AEOLIAN is a narrow, elegant font that was inspired by the lettering on a pipe organ manufactured by the Aeolian Company. My friend Nelson got me started with scans of the various stop labels, like the one at left, found on the amazing Longwood Gardens Aeolian organ which he has worked to restore. I invented missing letters and numbers, then created two additional weights, Demi and Bold. Always grateful for posts like this: “Thanks for digitizing Aeolean for posterity. The original tradename was Façade, and it was introduced by the Boston Type Foundry in 1881. John F. Cumming cut certain… continued
TAPEWORM was inspired by the work of the great L.A.-based American artist Ed Ruscha. His characteristic work includes drawings and paintings of words: a single word, found language, and the like. This is one of the styles he’s used, which he has referred to as “Boy Scout utility modern.” It’s precise but awkward and looks like the letters an obsessive amateur sign painter would make with masking tape, of uniform weight but curious formation. Version 1.9 features and expanded character set.

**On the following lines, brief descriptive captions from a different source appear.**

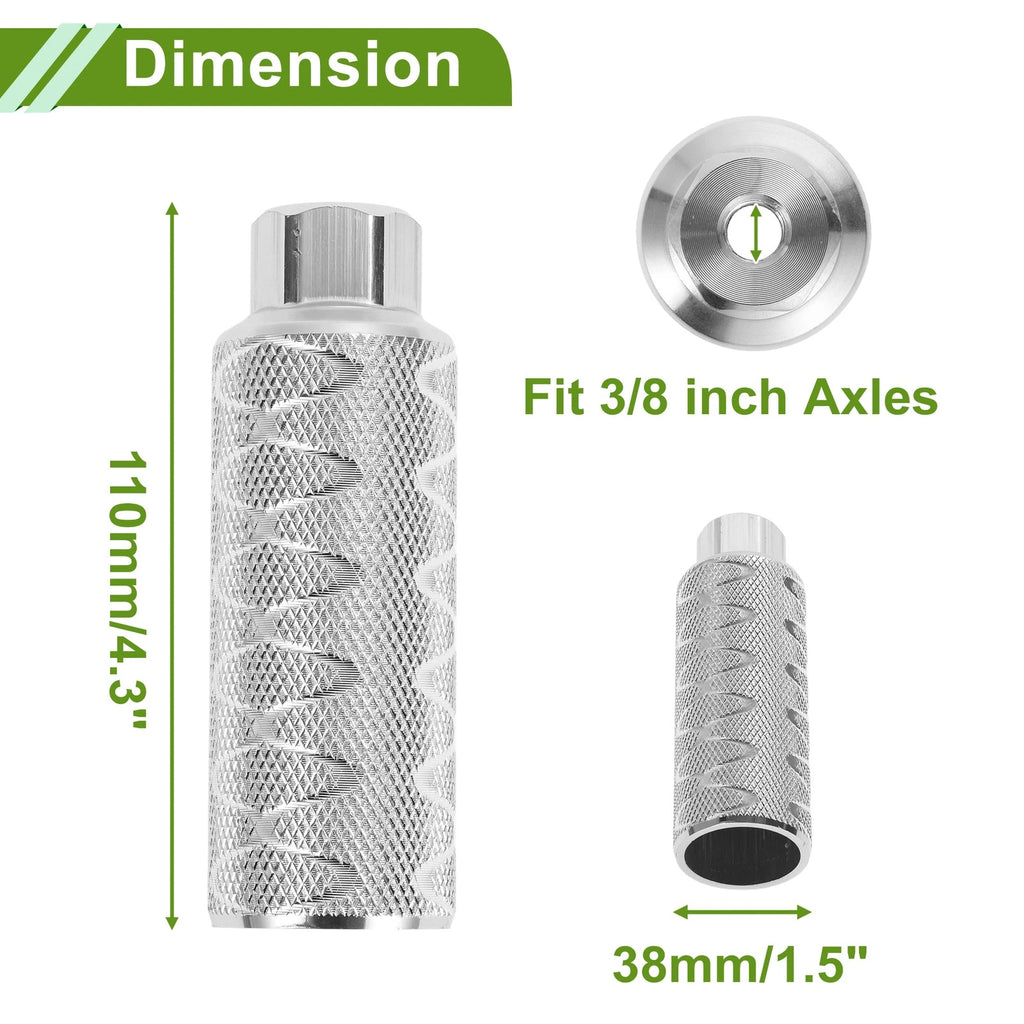 2 Pcs 110mm Bike Pegs Circle Texture Replacement for Silver Cycling (—)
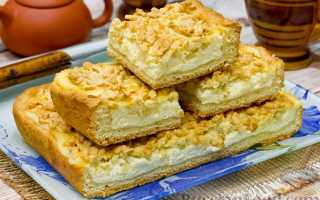 Пирог с творогом из песочного теста – классический рецепт.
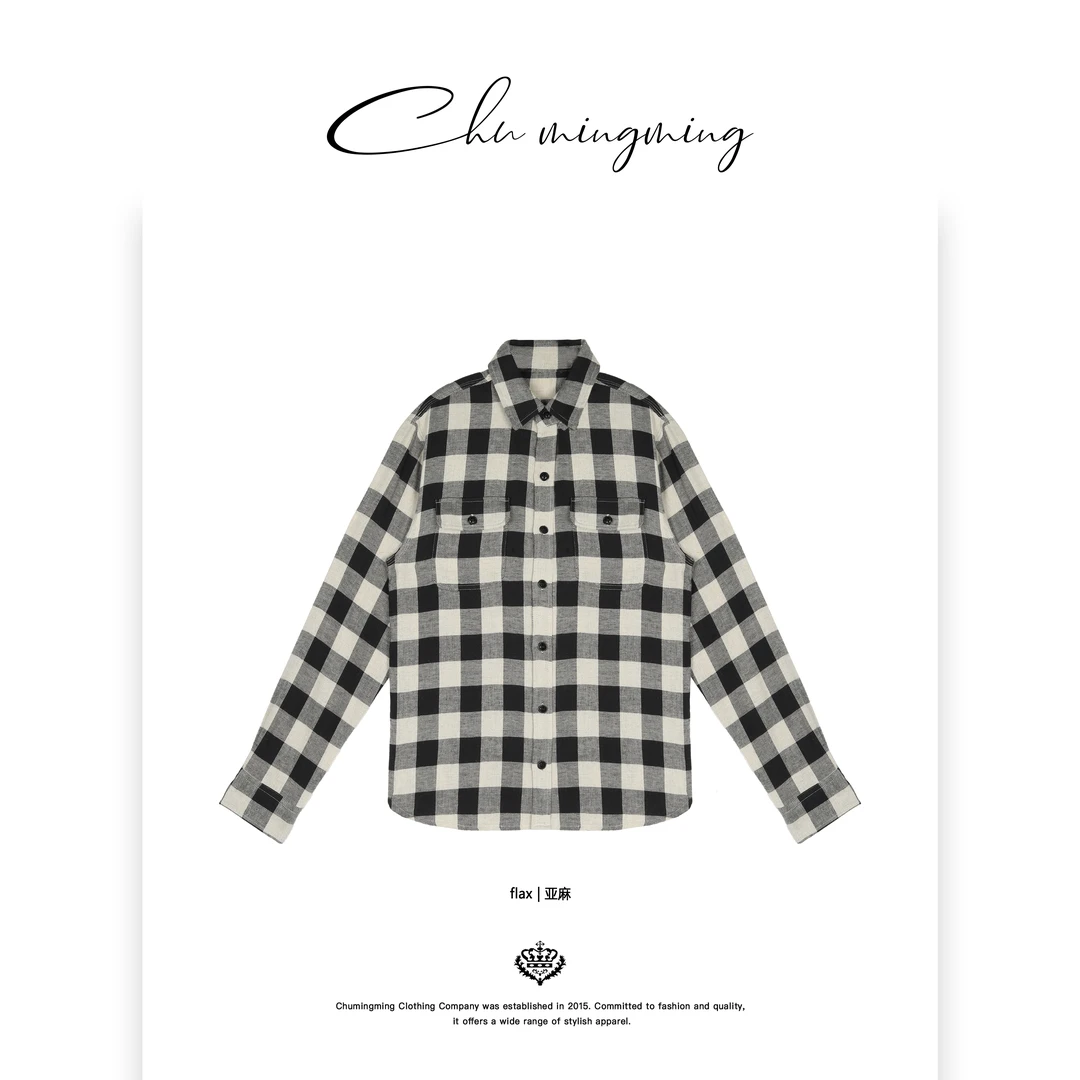 【CHU/2025SSNEW】原创设计《格物》格纹棉麻衬衣NH2511
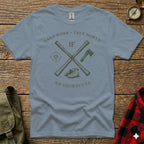 Grey t-shirt with crossed axe and compass, text "Hard Work • True North IF NO SHORTCUTS".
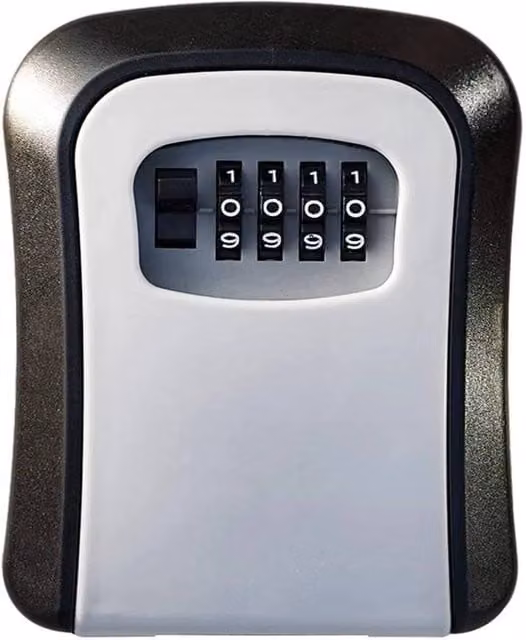 PAWNORA Silver 4 Digit Combination Key Safe Box, Wall Mounted Outdoor Security Code Lock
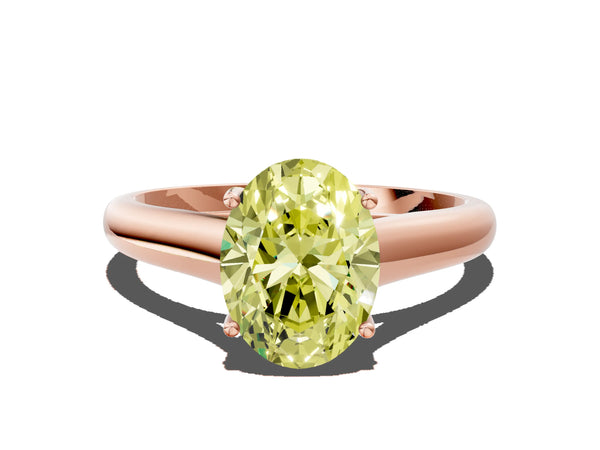 Rose gold Fancy Yellow Oval Cut Solitaire Engagement Ring with Tapered Band and Four-Prong Setting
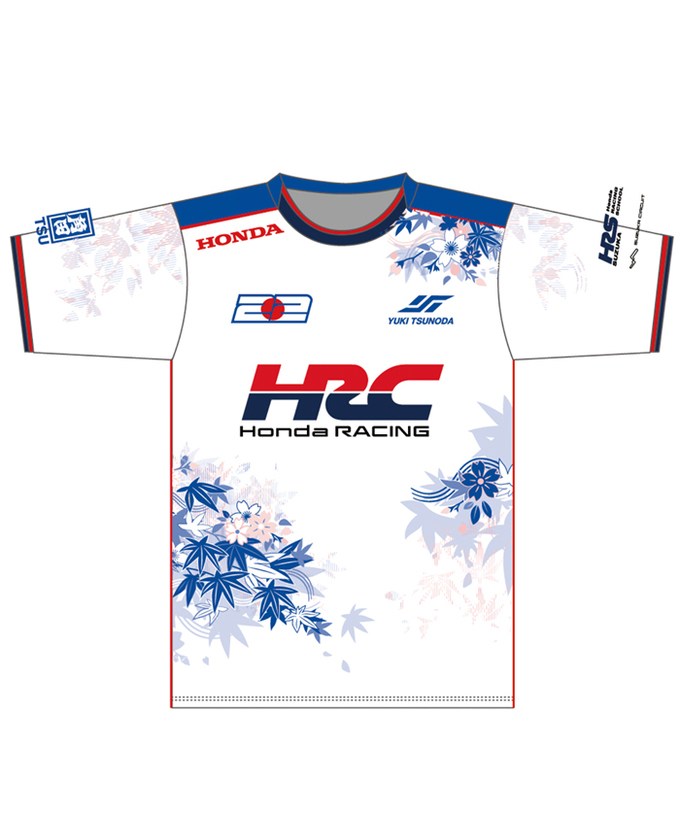 角田裕毅 x HRC Honda RACING コラボ Tシャツ ホワイト 2025拡大画像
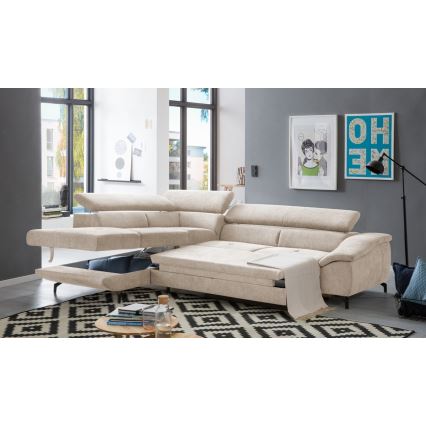 Uitschuifbare hoekbank met opbergruimte in L-vorm BRESCIA links beige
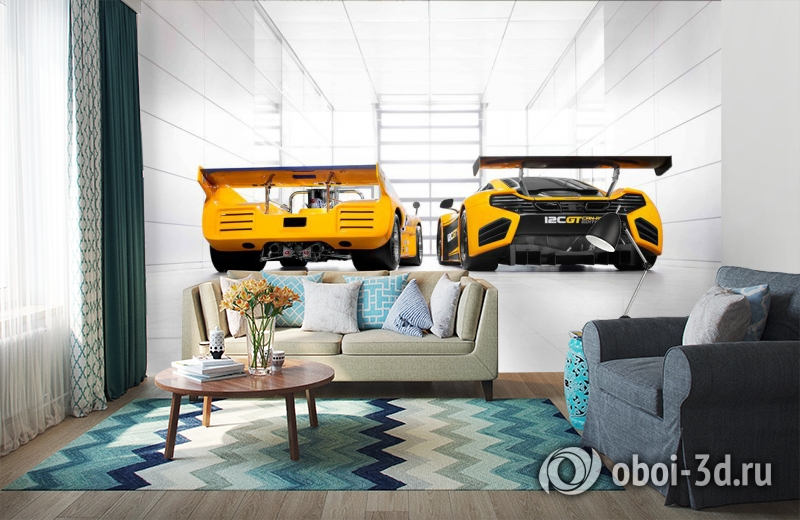 3D Фотообои «Светлый гараж с двумя желтыми спорткарами» вид 11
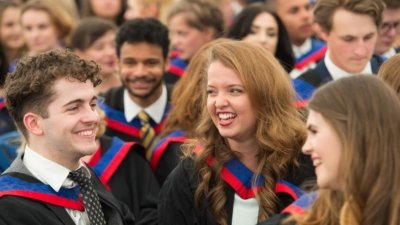 Students at a degree ceremony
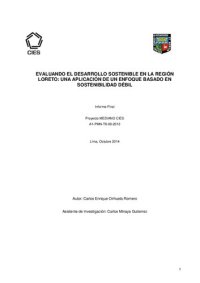 cover of the book EVALUANDO EL DESARROLLO SOSTENIBLE EN LA REGIÓN LORETO: UNA APLICACIÓN DE UN ENFOQUE BASADO EN SOSTENIBILIDAD DÉBIL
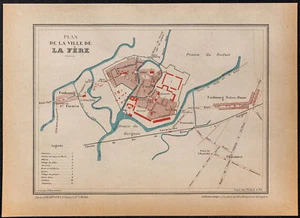 1896 - La Fere All'Interno Di Aisne - Piantina Antico Di La Città - Antica Carta - Foto 1 di 5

The Dominican fonts are designed to look like old letterpress printing. Originally inspired by a font from Dan X. Solo’s books, I expanded the series to also include Italic and Small Caps. Version 3.0 now contains lining figures with the old-style figures still available as stylistic alternatives. All 3 fonts have been expanded and refined, making these a fine alternative to the overused Caslon Antique.
BEAD CHAIN and MARQUEE are a pair of fonts that are made up of dots. BEAD CHAIN suggests a string of pearls while MARQUEE offers your name in lights. Inspired by a book jacket from the 1920s or 30s, I’ve used the stately letterforms of Gill Sans as my guide, although most letters had to be reshaped to fit the beads. Version 1.5 includes an expanded character set, improved spacing and kerning.